Inside the mind of a coach
Interview with Swedish life coach, Nina Jansdotter. Part 2.
Does my boss or my girlfriend have any reason to be worried about my coaching? Others who have undergone coaching have quit their jobs or filed for divorce…
“Coaching will get you to realise what changes need to be made in your life, and at times that means that your situation is effected. This very process, in order to get answers to urgent questions and to reconsider ones own situation, does stir up some problems.
“As it happens, coaches are threatened with law-suits and accused of causing this and that, above all by men whose wives have filed for divorce. Myself, I have had clients that have moved overseas, sold their businesses, divorced, moved and resigned from their jobs even if such matters had never been an issue in the beginning.
“For instance, I once coached a woman with regards to a salary negotiation who some time later said, ‘I have now separated from my husband.’”
How do you feel when your coaching causes such things?
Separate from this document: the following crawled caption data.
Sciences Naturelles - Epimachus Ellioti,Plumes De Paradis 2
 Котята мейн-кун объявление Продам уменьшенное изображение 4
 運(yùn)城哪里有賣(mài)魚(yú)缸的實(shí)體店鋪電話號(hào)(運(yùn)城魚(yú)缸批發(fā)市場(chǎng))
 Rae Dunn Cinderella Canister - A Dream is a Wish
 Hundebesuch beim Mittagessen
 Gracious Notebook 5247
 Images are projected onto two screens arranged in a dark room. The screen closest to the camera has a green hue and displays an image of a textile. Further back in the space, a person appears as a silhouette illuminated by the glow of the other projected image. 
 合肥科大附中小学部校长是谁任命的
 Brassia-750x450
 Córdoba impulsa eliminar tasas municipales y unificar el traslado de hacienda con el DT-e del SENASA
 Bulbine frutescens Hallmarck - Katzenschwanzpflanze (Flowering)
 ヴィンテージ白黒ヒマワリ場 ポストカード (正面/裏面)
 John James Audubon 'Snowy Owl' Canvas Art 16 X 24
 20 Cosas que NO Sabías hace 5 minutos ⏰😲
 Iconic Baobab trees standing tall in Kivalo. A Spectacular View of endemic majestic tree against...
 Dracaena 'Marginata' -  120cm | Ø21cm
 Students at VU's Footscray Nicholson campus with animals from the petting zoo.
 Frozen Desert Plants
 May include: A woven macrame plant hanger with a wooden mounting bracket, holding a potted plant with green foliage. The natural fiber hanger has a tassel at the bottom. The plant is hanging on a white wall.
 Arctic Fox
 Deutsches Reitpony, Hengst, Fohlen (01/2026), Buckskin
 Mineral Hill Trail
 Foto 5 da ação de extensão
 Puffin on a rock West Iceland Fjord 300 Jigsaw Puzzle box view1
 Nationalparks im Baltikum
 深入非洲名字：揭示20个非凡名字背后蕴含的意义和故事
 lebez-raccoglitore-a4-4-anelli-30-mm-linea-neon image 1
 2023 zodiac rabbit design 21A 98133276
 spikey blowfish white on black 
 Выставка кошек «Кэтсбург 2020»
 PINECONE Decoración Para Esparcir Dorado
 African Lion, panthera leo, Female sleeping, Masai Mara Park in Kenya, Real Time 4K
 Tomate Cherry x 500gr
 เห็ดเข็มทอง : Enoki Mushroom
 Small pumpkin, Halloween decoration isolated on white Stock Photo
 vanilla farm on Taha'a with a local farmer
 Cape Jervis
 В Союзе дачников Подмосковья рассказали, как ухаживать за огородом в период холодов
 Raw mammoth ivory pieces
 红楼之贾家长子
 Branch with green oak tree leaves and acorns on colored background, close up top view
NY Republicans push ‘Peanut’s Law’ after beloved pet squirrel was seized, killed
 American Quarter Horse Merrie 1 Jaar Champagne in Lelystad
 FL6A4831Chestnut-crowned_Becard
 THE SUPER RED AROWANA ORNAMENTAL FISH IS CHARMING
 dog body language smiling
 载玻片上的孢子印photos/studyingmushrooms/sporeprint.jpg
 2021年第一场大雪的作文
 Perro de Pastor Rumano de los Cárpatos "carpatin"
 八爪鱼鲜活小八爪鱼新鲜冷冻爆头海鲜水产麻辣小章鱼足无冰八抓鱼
Do you feel guilty?
“At times I might think, ‘My goodness, what have I done?’ For instance, when somebody quits a job – right when his company has paid for the coaching. However, I trust that the decisions made by clients are indeed their own and not mine. Every individual is responsible for his own life and his own decisions, that is something I always express. Sometimes a client has told me that the boss appreciated the result of the coaching nevertheless. Companies most often have no interest in keeping someone around who really would rather be someplace else. Much better to get a new and more motivated person.”
So is it important in coaching that all decisions be my own?
“Yes. My task is to give direction to your own will, to help you in a way that you want yourself, rather than to force upon you my own notions as to what I think is best for you.
“That said, through my participation as a coach I can get you to take a position on certain things: ‘It sounds to me that mentally you already have decided to leave your husband’ or ‘It shows that you are tired of your job’, are things I might say to draw attention to the question instead of just letting you brush it in under the carpet.”